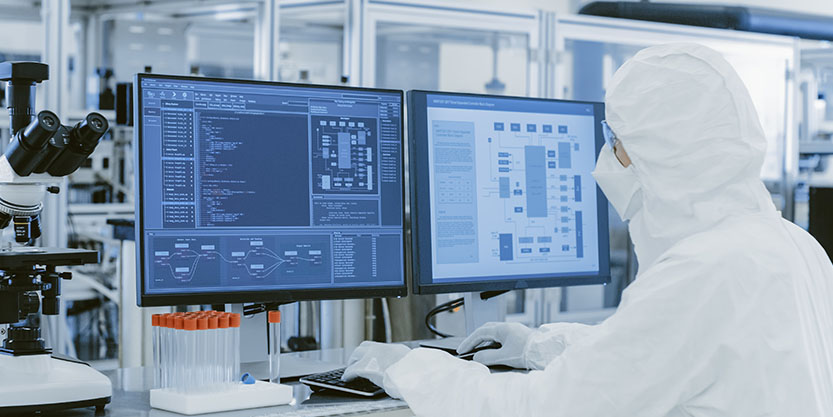 Man working inside a lab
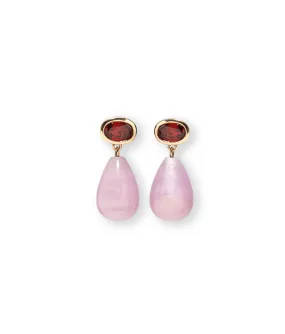 14k Gold Drop Earrings in Garnet & Kunzite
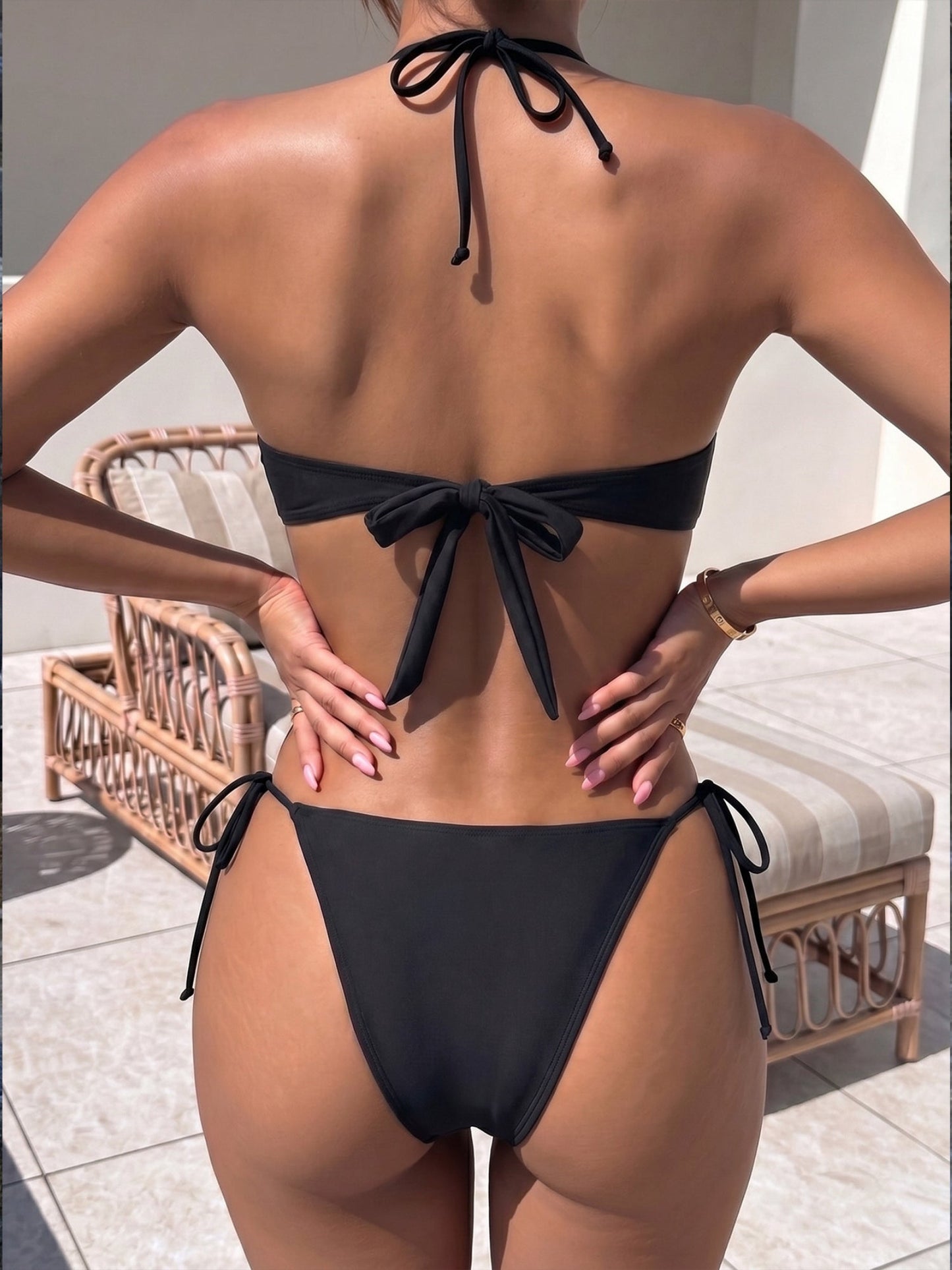 Gold Chain Ring Cutout Side Tie Black One Piece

■ ACTION ITEM
Copy every line of the listing above exactly. Leave each picture out.

■ ANSWER FOR THIS EXERCISE
 Man working inside a lab
 14k Gold Drop Earrings in Garnet & Kunzite
 Gold Chain Ring Cutout Side Tie Black One Piece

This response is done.